Banyak faktor yang menyebabkan terjadinya hal tersebut, tidak hanya agama. Dalam berita yang dilansir kedua kalinya oleh kompas.com pada Rabu (15/3/2017) menyebutkan bahwa kaum radikal yang ingin mengganti Ideologi negara berbaisi agama sangat berperan dominan menyebabkan hal ini. Pada kesempatan yang sama Menteri Dalam Negeri Tjahjo Kumolo pun ikut bicara, ia mengira bahwa tantangan dinamika politik saat ini dapat meningkatkan aktivitas kelompok fundamentalis berbasis keagamaan yang ingin mengubah ideology negara kesatuan Indonesia.
Masyarakat Resah
Dalam hal ini, masyarakat menjadi korban ketidaknyaman serta keresahan akan isu-isu tersebut. Masyarakat yang tadinya harmonis dengan warga yang tidak se-diologi kini menjadi takut apabila hal yang terjadi dalam pemberitaan terjadi pula pada diri mereka. Satu sama lain ketakutan , prasngka-prasangka buruk terhadap saudara se-Indonesia yang berbeda ideologi sangat rentan, dan menjadi konflik.
Menurut J. Ranjabar, seorang… menilai, keanekaragaman agama menjadikan banyak perbedaaan, baik dalam cara berpikir, berpakaian, bergaul, beribadat, menikah dan lain sebagainya. Jika para pemeluknya di mengahayati inti dari ajaran tersebut, maka hal ini sangat potensial menjadi konflik.
Konflik sendiri, dapat dipengaruhi oleh jumlah penganut tertentu dalam suatu masyarakat. Masyarakat Indonesia terdri dari ratusan suku bangsa yang tersebar di lebih dari 13 ribu pulau. Setiap suku bangsa memiliki identitas sosial, politik, dan budaya yang berbeda-beda. Seperti bahasa yang berbeda, adat istiadat serta tradisi, sistem kepercayaan, dan sebagainya. Dengan identitas yang berbeda-beda ini, potensi terjadinya konflik sangatlah besar apabila masyarakat tidak mengahayati ideology mereka secara komprehensif.
Memahami makna beragama secara komprehensif merupakan langkah awal menuju masyarakat yang toleran, dan harmonis. Karena pada hakikatnya, tidak pernah ada agama yang menyuruh kita untuk saling membunuh dansaling menghakimi satu sama lain. Semua mengajar manusia untuk saling mengasihi dan menyayangi antar sesama manusia.
Indonesia Dulu
Sebagai warga yang tidak lupa akan sejarah bangsa sendiri, patut kiranya belajar kembali pada kejadian yang sudah terjadi 60 tahun silam di negeri kita tercinta, Indonesia.

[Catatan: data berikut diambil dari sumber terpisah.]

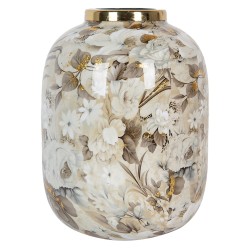 Clayre & Eef Vase Ø 17x22 cm Beige Braun Metall Blumen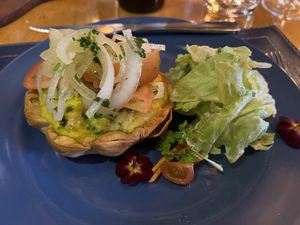 The corn filled pastry tart. The softly cooked onions were delicious   at La Marmita in Punta Arenas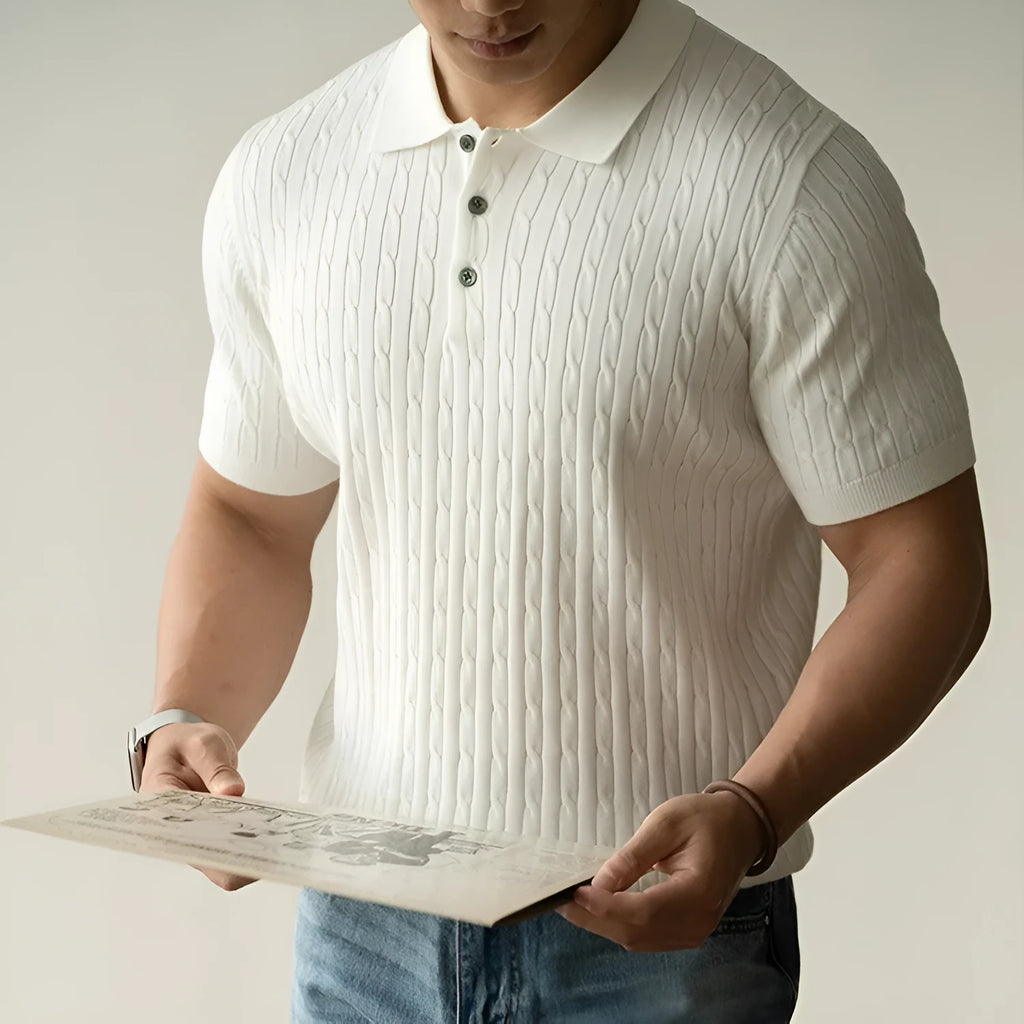 Men's khaki short sleeve business casual top showing front view with Asian fit sizing label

Ketika itu,untuk mempertahankan kesatuan Indonesia, KH. Hasyim As’ari menyeru kepada segenap warga Nahdlatul Ulama untuk berjihad mempertahankan kesatuan republik Indonesia. Dalam poin pertama, beliau meminta agar pemerintah segera bertindak terhadap usaha-usaha yang membahayakan kemerdekaan Indonesia, agama, dan negara Indonesia dari pihak belanda dan kaki tangannya.
Bila kita lihat lebih dalam, KH. Hasyim As’ari yang notabene sebagai umat muslim tidak sama sekali menyebutkan dalam tulisannya untuk menjaga agama Islam, atau untuk mendirikan negara Islam dalam melawan pemerintah kolonial pada waktu itu.
Akan tetapi, beliau memakai diksi ‘agama’, serta tetap menjaga kesatuan sebagai negara Indonesia, bukan negara Islam, atau negara Islam Indonesia, meskipun mayoritas rakyat pada waktu itu sudah beragama Islam.
Negara islami
Indonesia bukanlah negara Islam, namun sistem yang diterapkan di Indonesia adalah sistem yang Islami. Bila kita lihat dulu pada zaman Muhammad tidak pernah melarang warganya untuk memeluk agama, di Indoneis juga tidak pernah melarang hal itu dilakukan. Bahkan Indonesia punya lima lebih agama yang dianut oleh warganya.
Tidak hanya itu, bila dalam Islam menyeru untuk senantiasa berbuat adil dan baik sesama manusia Indonesia juga menyuruh kepada hal yang sama yang tertera dalam sila ke-dua, kemanusiaan yang adil dan beradab. Maka, Indonesi tak perlu di Islamkan karena sudah Islami.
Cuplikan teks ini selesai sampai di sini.